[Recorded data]
□ □ □ □ □ □ □

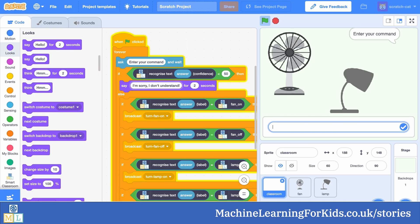Here's an example of how a student used this in their project. What their script says is that if the machine learning model has got less than 50% confidence that it correctly recognised a command, it should reply with "I'm sorry, I don't understand" instead of taking an action.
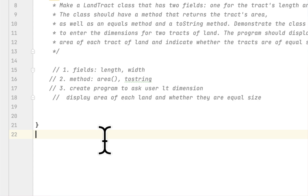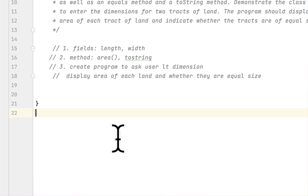The LandTract class should have two fields: length and width. It also has to have two methods: area to get the area of the land, and toString to display the information about the land. It also has to have a method that compares the two lands. After we finish this class, we have to create a program that asks the user for the width and length for both lands, then display whether they are equal size or different size.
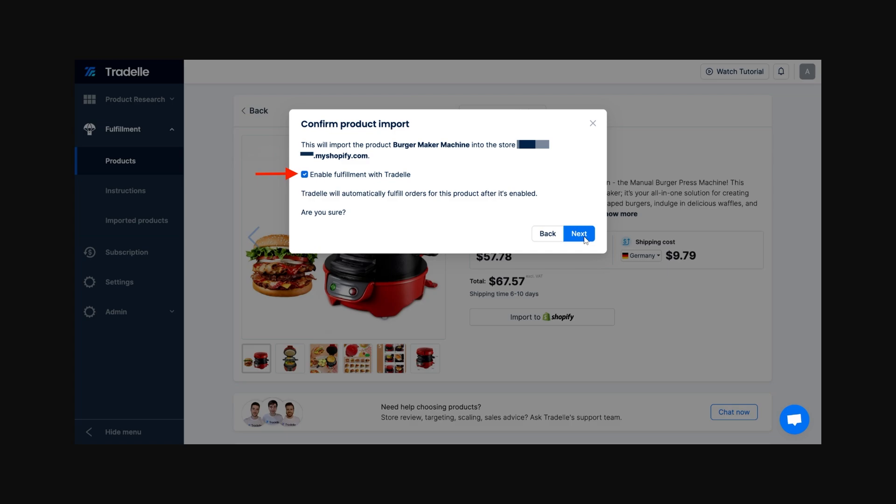Once you've done that, you will have successfully imported a product from Traydale into Shopify. I hope you found this video helpful, and thanks for watching.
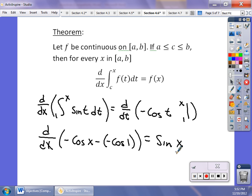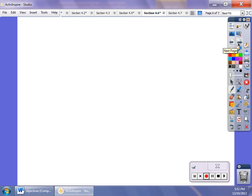One thing to be careful of: if the upper limit is something other than x — like x² — you must apply the chain rule and multiply by 2x in front of sin(x). That does come up, and I'll look at some of those as multiple choice questions as we get closer to the AP exam.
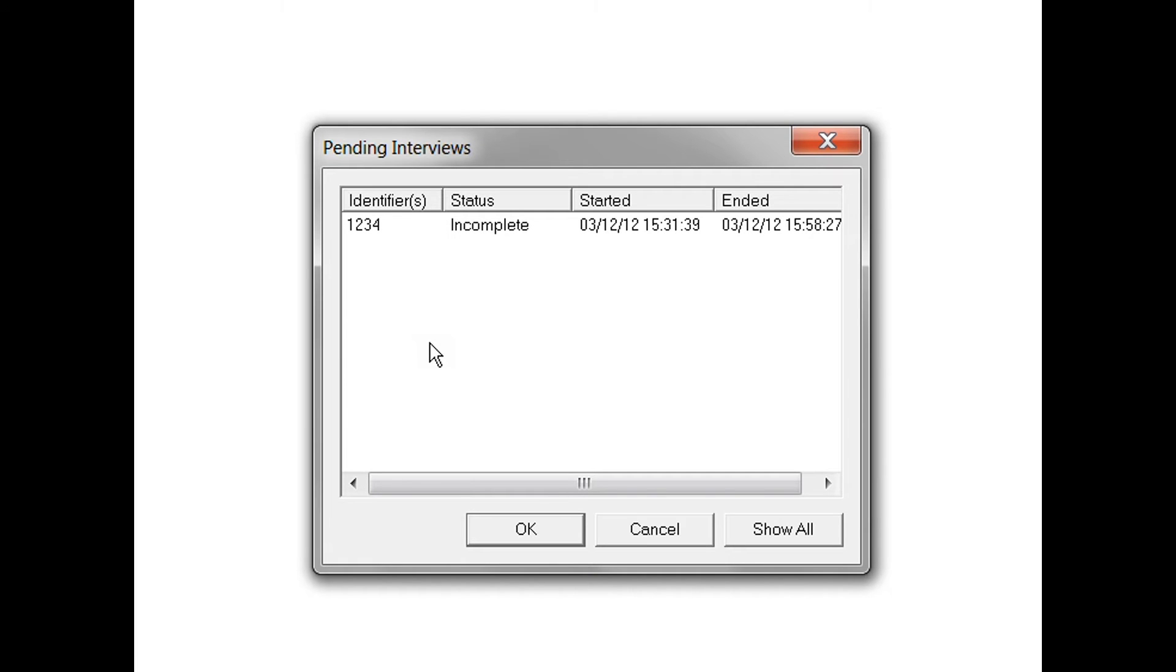Now you will see the Pending Interviews dialog box. This will display a list of any incomplete cases in the current data file. In other words, for CAPI to find your incomplete interview, the data file still needs to be present in the same folder and with the same name as the CAPI control file.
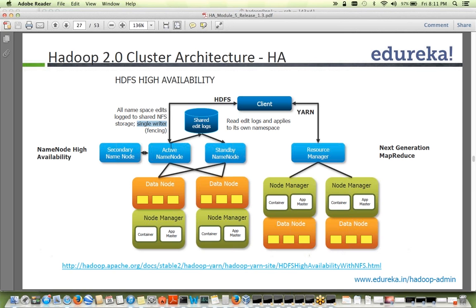The standby name node reads from the edit logs and applies them to its own namespace. If the active name node goes down, the standby will have all the edit logs and the block report from all data nodes, so it will become primary and start writing. The former primary can then be made standby and will start reading logs. There is always a single writer to avoid contention and duplicate entries. The secondary name node is still present — it periodically takes the FS image, merges edits, and sends it back, which is then copied by standby name nodes.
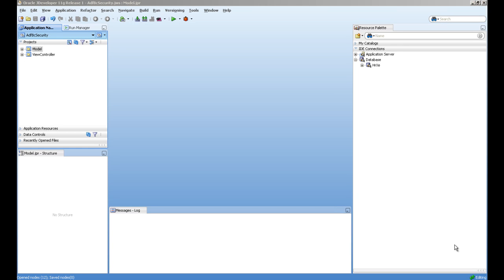Hello everyone, my name is Ishan and in this video we will see how to use ADF security with entities. We will see security control on entity level as well as attribute level.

□ □ □ □ □ □ □

> [Work instruction]: Hand back the data above exactly, with no images.

> [Your response]:
Here's an example of how a student used this in their project. What their script says is that if the machine learning model has got less than 50% confidence that it correctly recognised a command, it should reply with "I'm sorry, I don't understand" instead of taking an action.
The LandTract class should have two fields: length and width. It also has to have two methods: area to get the area of the land, and toString to display the information about the land. It also has to have a method that compares the two lands. After we finish this class, we have to create a program that asks the user for the width and length for both lands, then display whether they are equal size or different size.
Once you've done that, you will have successfully imported a product from Traydale into Shopify. I hope you found this video helpful, and thanks for watching.
One thing to be careful of: if the upper limit is something other than x — like x² — you must apply the chain rule and multiply by 2x in front of sin(x). That does come up, and I'll look at some of those as multiple choice questions as we get closer to the AP exam.
Now you will see the Pending Interviews dialog box. This will display a list of any incomplete cases in the current data file. In other words, for CAPI to find your incomplete interview, the data file still needs to be present in the same folder and with the same name as the CAPI control file.
The standby name node reads from the edit logs and applies them to its own namespace. If the active name node goes down, the standby will have all the edit logs and the block report from all data nodes, so it will become primary and start writing. The former primary can then be made standby and will start reading logs. There is always a single writer to avoid contention and duplicate entries. The secondary name node is still present — it periodically takes the FS image, merges edits, and sends it back, which is then copied by standby name nodes.
Hello everyone, my name is Ishan and in this video we will see how to use ADF security with entities. We will see security control on entity level as well as attribute level.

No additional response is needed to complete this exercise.